凛子はホッとしたようだ。やはり、ウサギと触れ合いながら仕事はしたくないのだろう。

パソコンや荷物をお預かりし、レジの後ろのロッカーにしまう。


「花ちゃんの準備ができたようです。では、今日も花ちゃんでよろしいでしょうか」

「はい、お願いします。花ちゃん、元気にしていましたか」

「ええ、凛子さんが来るのを待っているみたいでしたよ」

「そんなことないですよ」

そう言いつつ凛子の瞳が潤んでいる。一気に突き落としてしまいたいような、止めてあげたいような……。でも、これは仕事だ、と自分に言い聞かせる。

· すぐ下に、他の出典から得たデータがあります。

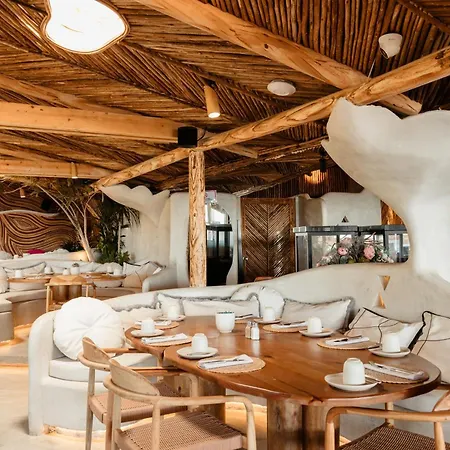 3-story Townhouse For 7, Newly Renovated, Terrace, Bbq, And Access In Arenal, *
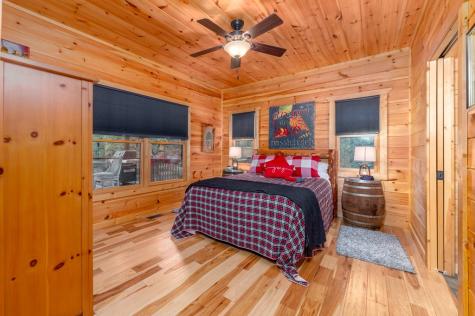 5830 Fairview Road Marble NC 28905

「花は凛子さんの手に鼻をツンツンしたり、舐めたりしますか?」

「えぇ、毎回鼻ツンツンしてくれます。そこがまた、可愛いんですよね」

「他のお客様に聞くと、花に鼻ツンツンされているのは、凛子さんだけのようですよ。花ちゃんが凛子さんにとても懐いている証拠ですね。花はなかなか人に懐かないのです」

「本当ですか、嬉しい! 今日もおやつをあげても良いですか?」

「どうぞ、どうぞ。花も喜びますよ。花のお部屋へどうぞ。どうぞ、ごゆっくりなさってくださいね。たくさん遊んであげ下さいね」

凛子はそそくさと、花の部屋へ入っていった。


「春日さん、パソコンをお預かりしたから」

花の部屋のドアが閉まるのを確認して、小声で告げると、IT担当の春日が預かったパソコンを持って、奥の部屋へと入って行った。凛子がどれだけの情報を持っているか気になるところだ。早い段階で情報を引き出せれば、凛子は傷を負わずに社会の中へ戻っていくことが出来るだろう。春日の後を追って、奥の部屋を覗く。

「どう?」

画面越しに、春日の突き出した親指が見えた。